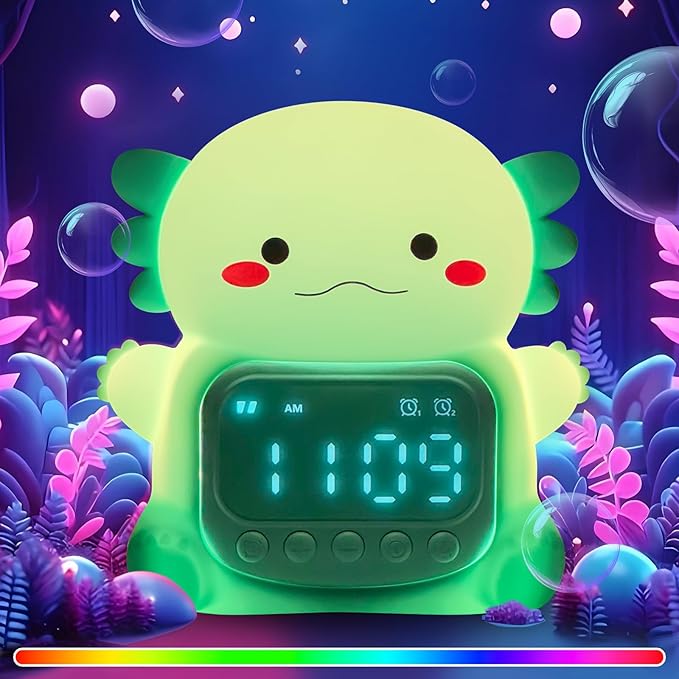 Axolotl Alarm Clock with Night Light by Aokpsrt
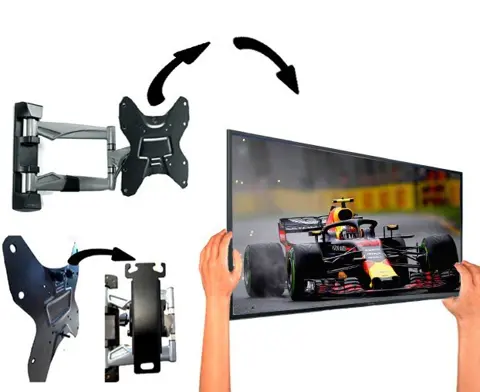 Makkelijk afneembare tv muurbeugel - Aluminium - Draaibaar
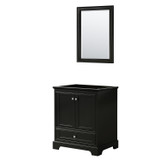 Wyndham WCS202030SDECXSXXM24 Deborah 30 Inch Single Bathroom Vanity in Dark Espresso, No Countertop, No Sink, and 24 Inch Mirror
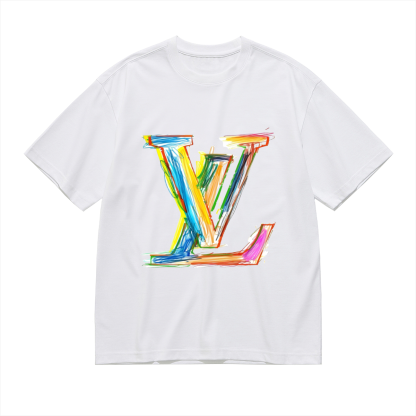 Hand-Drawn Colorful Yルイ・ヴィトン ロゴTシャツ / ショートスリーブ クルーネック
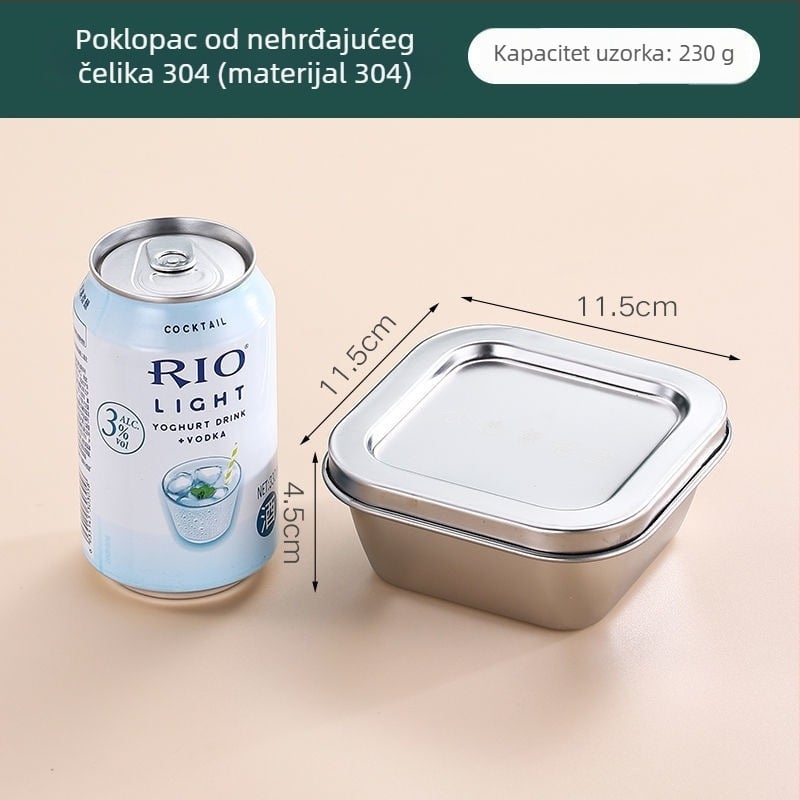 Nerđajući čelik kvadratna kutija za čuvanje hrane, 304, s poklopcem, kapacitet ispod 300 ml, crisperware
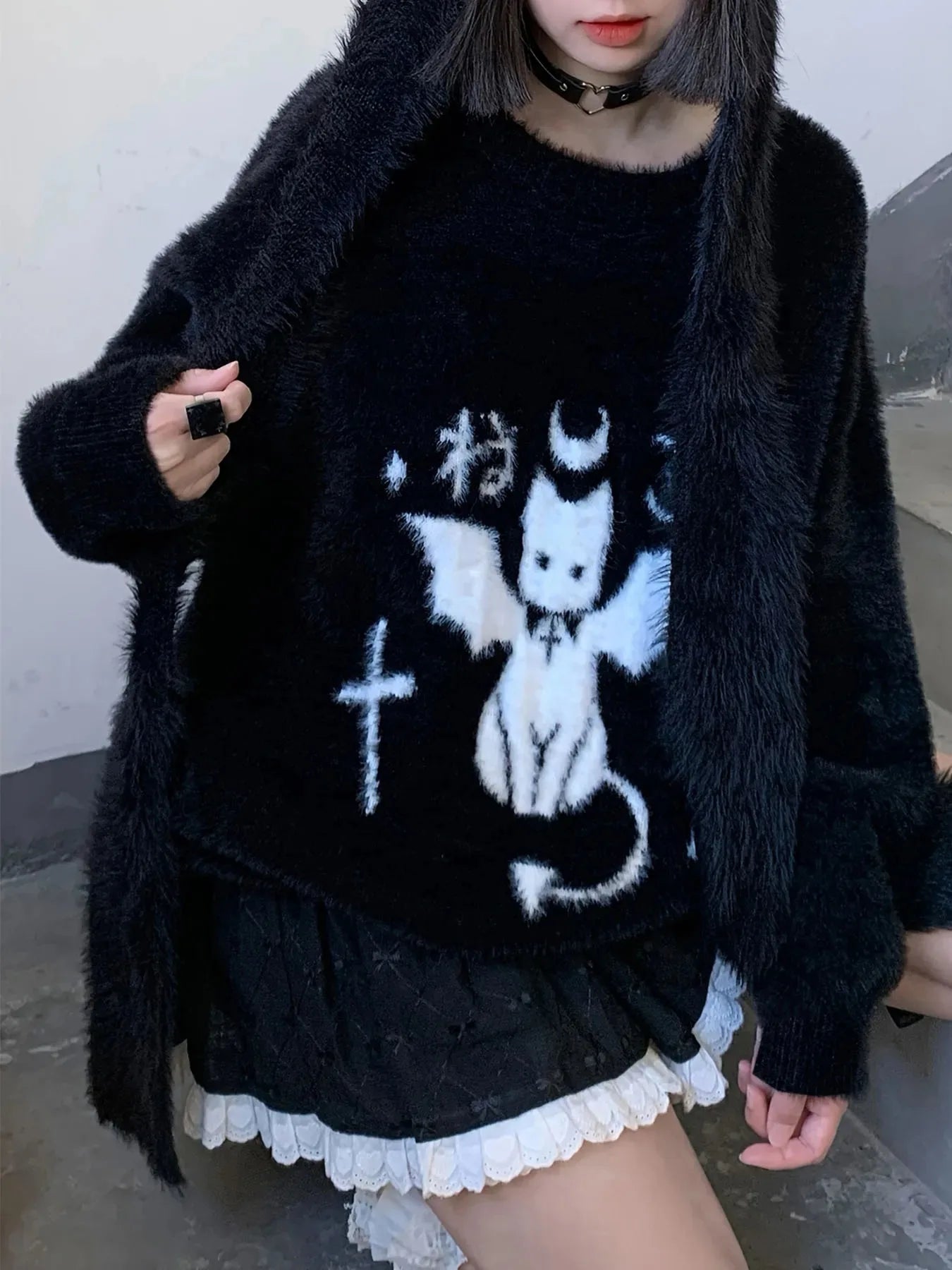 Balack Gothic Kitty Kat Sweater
═══
From the line containing "Makkelijk afneembare tv" through the final line of the listing above, reproduce every line exactly, with no pictures.

 Makkelijk afneembare tv muurbeugel - Aluminium - Draaibaar
 Wyndham WCS202030SDECXSXXM24 Deborah 30 Inch Single Bathroom Vanity in Dark Espresso, No Countertop, No Sink, and 24 Inch Mirror
 Hand-Drawn Colorful Yルイ・ヴィトン ロゴTシャツ / ショートスリーブ クルーネック
 Nerđajući čelik kvadratna kutija za čuvanje hrane, 304, s poklopcem, kapacitet ispod 300 ml, crisperware
 Balack Gothic Kitty Kat Sweater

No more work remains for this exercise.